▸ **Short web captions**
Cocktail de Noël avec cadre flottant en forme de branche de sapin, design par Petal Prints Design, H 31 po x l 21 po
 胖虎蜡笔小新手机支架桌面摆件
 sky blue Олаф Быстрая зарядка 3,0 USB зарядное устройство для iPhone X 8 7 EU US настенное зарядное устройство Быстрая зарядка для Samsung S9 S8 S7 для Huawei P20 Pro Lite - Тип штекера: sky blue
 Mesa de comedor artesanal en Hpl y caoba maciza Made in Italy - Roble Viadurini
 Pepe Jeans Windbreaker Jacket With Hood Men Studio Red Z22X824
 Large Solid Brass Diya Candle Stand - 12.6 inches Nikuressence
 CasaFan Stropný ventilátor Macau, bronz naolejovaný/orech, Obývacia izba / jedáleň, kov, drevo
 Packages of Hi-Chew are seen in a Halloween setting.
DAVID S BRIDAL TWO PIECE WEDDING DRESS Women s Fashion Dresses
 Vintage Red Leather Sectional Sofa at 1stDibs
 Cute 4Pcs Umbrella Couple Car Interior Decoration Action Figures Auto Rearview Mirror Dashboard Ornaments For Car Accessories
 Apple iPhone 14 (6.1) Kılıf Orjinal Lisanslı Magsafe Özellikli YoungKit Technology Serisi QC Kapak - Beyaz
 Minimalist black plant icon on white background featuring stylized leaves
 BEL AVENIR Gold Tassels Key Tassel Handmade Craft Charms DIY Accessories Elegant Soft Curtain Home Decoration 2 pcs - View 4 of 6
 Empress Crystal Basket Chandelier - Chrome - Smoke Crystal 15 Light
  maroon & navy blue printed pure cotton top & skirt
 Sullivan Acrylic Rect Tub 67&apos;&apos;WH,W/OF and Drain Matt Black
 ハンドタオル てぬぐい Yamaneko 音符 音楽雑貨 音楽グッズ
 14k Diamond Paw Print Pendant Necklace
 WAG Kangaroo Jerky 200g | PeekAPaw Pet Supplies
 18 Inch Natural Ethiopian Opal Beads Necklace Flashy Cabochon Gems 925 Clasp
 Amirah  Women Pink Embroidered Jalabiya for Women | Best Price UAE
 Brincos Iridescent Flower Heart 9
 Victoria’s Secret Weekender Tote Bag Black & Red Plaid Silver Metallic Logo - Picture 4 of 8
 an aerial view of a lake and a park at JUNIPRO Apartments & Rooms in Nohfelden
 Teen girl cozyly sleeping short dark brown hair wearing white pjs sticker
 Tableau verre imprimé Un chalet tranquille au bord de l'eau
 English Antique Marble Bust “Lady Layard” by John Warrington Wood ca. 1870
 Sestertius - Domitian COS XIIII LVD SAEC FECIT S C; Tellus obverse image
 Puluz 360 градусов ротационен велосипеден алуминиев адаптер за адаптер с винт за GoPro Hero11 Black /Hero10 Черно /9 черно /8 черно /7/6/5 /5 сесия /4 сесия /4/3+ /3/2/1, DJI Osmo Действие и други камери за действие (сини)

▸ **WORK INSTRUCTION**
Every line in the records above with the string "blue" in it should be shown.

▸ **SOLVED PROBLEM**
 sky blue Олаф Быстрая зарядка 3,0 USB зарядное устройство для iPhone X 8 7 EU US настенное зарядное устройство Быстрая зарядка для Samsung S9 S8 S7 для Huawei P20 Pro Lite - Тип штекера: sky blue
  maroon & navy blue printed pure cotton top & skirt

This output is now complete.